ベルギー連邦警察の刑事Patrick Peys(パトリック・ペイズ)氏は、そこで得た宝石学の知識は貴重だと言います。
「現場の警察官であることと、捜査している品に関して知識を持っていることには大きな違いがあります。 宝石学の基本的な情報を持っていれば、通常では得られない利点があるかもしれません。」
捜査官は宝石のツール(ルーペ、ピンセット、顕微鏡)を使用する方法など、広範な宝石のトピックについて学びます。ダイヤモンドの4Cやクラリティ、カットとカラーに関し注目すべき点、合成石、模造品、カラー処理、ダイヤモンド業界とキンバリープロセス、カラーストーンのフィールド鑑別、およびGIAグレーディングレポートの読み方などです。
「FBIでは、高度な技術研修を受けることはあまりありません。」とニューヨーク現地事務所のダニエル・マキャフリー氏は語ります。 「現場でダイヤモンドの鑑別のために毎日呼ばれることはありませんが、その基本的なノウハウと、ノウハウを我々が知っているという印象を業界の人間に伝えることで、より多くの情報を引き出すことが可能になります。
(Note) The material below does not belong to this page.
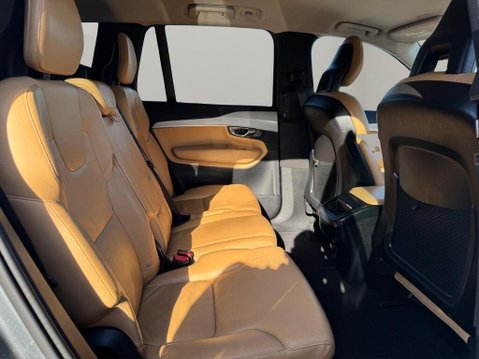 Volvo XC90 2.0 D5 Momentum Geartronic 4WD Euro 6 (s/s) 5dr 48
」
GIAと国内の捜査官、特にマキャフリー氏には、宝石の犯罪を解決するために協力してきた長い歴史がある、とニューヨークGIAラボの記録関連コーディネーターであるIvy Cutler(アイビー・カトラー)は述べています。
「宝石は最も濃縮された富の形の一つであり、ダイヤモンドは非常に速く移動します。」とカトラーは言います。 「盗まれたダイヤモンドが、GIAに流れてくる頻度は驚くほど高いです。 犯罪のコミュニティはつながりが強く、犯罪者らは非常に賢いのです。 多くの情報がそういった犯罪ネットワークを通過しており、業界では、盗品を扱っているかもしれないという事実がほとんど認識されていません。」
彼女は、グレーディングレポートと刻印文字の情報は、将来的な参考情報としてGIAのデータベースに保管されるため、宝石を保護する最も効果的な手段の1つであると言います。実際それらの情報が、捜査官にとって非常に有用であることが明らかになっています。 GIAは、1980年代にデータベースを作成して以来、内容を追加してきました。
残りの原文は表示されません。